Question de M. BELIN Bruno (Vienne - Les Républicains-R) publiée le 05/06/2025

M. Bruno Belin attire l'attention de Mme la ministre déléguée auprès du Premier ministre, chargée de l'égalité entre les femmes et les hommes et de la lutte contre les discriminations sur le nombre de féminicides, qui reste tragiquement élevé ces dernières années.

Les féminicides désignent le meurtre de femmes ou de filles pour la raison qu'elles sont des femmes. En 2024, ils ont été recensés au nombre de 137 dont 10 dans la région de la Nouvelle-Aquitaine. À la date du 20 mai 2025, on dénombre déjà 55 féminicides, soit un niveau équivalent à celui enregistré l'année précédente à la même période, témoignant de l'absence d'amélioration significative.

Le samedi 17 mai 2025, dans la commune de Chasseneuil-du-Poitou, c'est Véronique qui a été victime de ce 55e drame. Âgée de 55 ans, son corps a été retrouvé sur le palier de l'étage de son immeuble. À la suite de cette découverte, son ex-conjoint, dont elle s'était séparée récemment, a été arrêté.

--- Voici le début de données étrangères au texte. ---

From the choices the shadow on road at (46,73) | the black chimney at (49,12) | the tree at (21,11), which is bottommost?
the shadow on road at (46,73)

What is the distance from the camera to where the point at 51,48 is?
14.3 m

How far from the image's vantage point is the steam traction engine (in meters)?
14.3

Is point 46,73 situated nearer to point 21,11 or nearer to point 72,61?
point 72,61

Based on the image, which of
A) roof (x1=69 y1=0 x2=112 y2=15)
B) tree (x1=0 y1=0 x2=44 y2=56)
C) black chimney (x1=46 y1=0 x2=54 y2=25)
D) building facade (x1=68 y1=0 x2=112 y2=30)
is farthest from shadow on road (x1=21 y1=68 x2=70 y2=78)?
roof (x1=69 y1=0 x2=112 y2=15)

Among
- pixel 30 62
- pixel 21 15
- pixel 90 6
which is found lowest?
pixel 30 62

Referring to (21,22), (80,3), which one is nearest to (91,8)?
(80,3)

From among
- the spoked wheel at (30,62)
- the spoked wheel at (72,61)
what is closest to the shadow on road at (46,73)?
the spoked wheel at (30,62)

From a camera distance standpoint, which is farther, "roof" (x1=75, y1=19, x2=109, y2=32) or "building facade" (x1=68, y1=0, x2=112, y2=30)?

Les avancées réalisées ces dernières années sont reconnues. Un numéro d'urgence est désormais accessible 24h/24 et 7j/7, le dépôt de plainte est possible dans 542 établissements de santé, et plusieurs dispositifs de protection ont été déployés : plus de 3 000 ordonnances de protection, 6 261 téléphones « Grave Danger », 817 bracelets anti-rapprochement, ainsi que plus de 11 000 places d'hébergement.

Ces mesures sont le résultat de plusieurs lois visant la protection des victimes telles que l'aide universelle d'urgence et les ordonnances de protection immédiate. À l'échelle locale, des structures d'accueil, d'écoute et d'accompagnement ont été mises en place, avec un renforcement de la réponse sanitaire, judiciaire et sociale.

Toutefois, malgré cet arsenal, les chiffres ne diminuent pas. Ces nombreux dispositifs semblent insuffisants pour prévenir les féminicides, en particulier dans le contexte des séparations et divorces, qui constituent un facteur déclencheur majeur de ces drames.

Dans ce registre, il demande au Gouvernement s'il envisage la mise en place de nouvelles mesures afin d'intensifier la prévention spécifique des féminicides et de renforcer les actions ciblées sur les périodes de séparation, afin de mieux protéger les femmes et faire reculer durablement ce fléau.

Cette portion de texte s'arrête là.